The quick-service restaurant chain is going to utilise fresh issue proceeds for roll out of owned Burger King Restaurants and has plans to add 50/70/80 stores in coming three years which will give a huge head start with better/cheaper availability of retail space, and weaker competition in North and east markets of India (little investment by McDonald’s in past few years) and rising scale in existing clusters, said Prabhudas Lilladher while recommending subscribe to the issue.
The brokerage believes Burger king has competitive advantages which make it well placed to capitalize on the emerging opportunity with 1) exclusive pan India master franchise of Burger King, second-largest Burger brand globally; 2) flexibility in tailoring menu to Indian tastes and preferences as well as promotions and pricing offers; 3) fixed royalty at 5 percent; 4) cluster-based approach with faster scalability and operating leverage; 5) high sales per square feet at Rs 31,093 and higher Average sales/capex at 1.87x; 6) strong consumer proposition as a value brand with premium imagery globally; and 7) targeting growing section of millennials given young population of India.
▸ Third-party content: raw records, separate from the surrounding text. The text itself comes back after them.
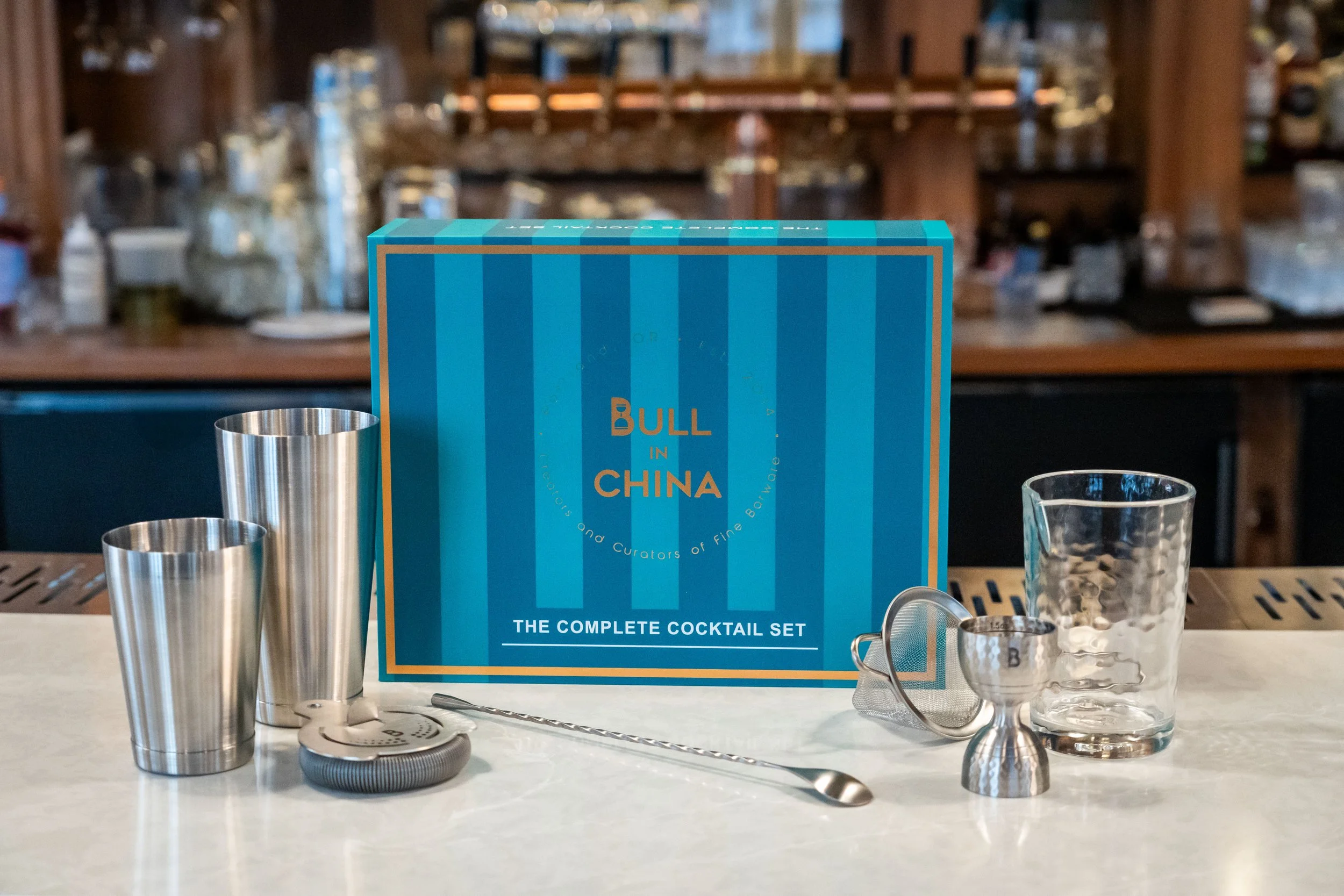 Complete Cocktail Set with Box - Lifestyle - Silver 13.jpg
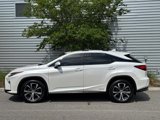 Used 2017 Lexus RX 450h AWD image 4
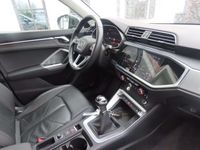 tweedehands Audi Q3 35 TFSI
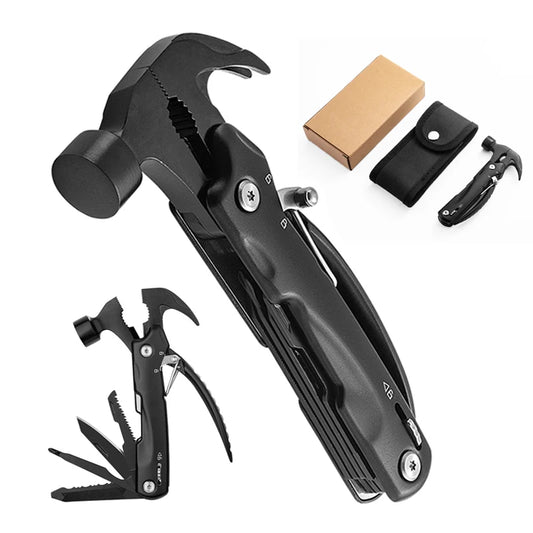 Multi - functional claw hammer - Buy That Thang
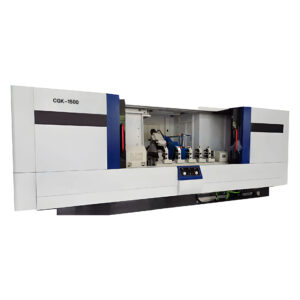 CGK-1500 CNC High-Precision Thread Grinder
Burger King’s revenue grew around 49 percent CAGR over FY18-FY20 led by significant store additions. Gross margin has improved consistently from 62 percent in FY18 to 64 percent in FY20 and EBITDA grew from Rs 8 crore to Rs 104 crore, during the same period.
The company had reported losses in the past and is expected to report losses in FY21-FY22 due to higher depreciation on store additions, but then onwards, brokerages believe it could turn profitable on the back of robust revenue and strong operating performance.
“We expect near term financials to remain under pressure as BKIL has suffered a loss of Rs 118 crore in the first half of FY21. We expect Burger King to turnaround by FY23/24 led by post COVID recovery and benefits from rising economies of scale and new store openings,” Prabhudas Lilladher.
ICICI Direct believes benefiting from reduced competition from unorganised smaller local restaurants due to COVID related disruptions and expansion of food delivery businesses, the company is well-positioned to expand its footprint in India.
“We believe Burger King would be able to capture the growth largely aided by changing habits of eating out/ordering outside food. The company was quick to scale up its operating margins to double-digit in the last two years. However, it is still making a loss at the bottomline level due to high depreciation provision,” said the brokerage which has a subscribe recommendation on the stock.
KR Choksey, too, said the changing lifestyle and the eating habits of the youngest millennial population of India would further drive the revenue of Burger King, and also the effective marketing strategy, and the well-defined standard store opening process would be catalysts in increasing the number of footfalls in BKIL’s restaurants.
The brokerage believes that the operational efficiency and the standard operating procedure will achieve economies of scale resulting in better margins. Hence, it recommended a subscribe rating on the IPO.
This would be the fourteenth IPO in 2020. After Burger King’s issue, the total funds raised by IPOs would be Rs 30,287 crore in the current year.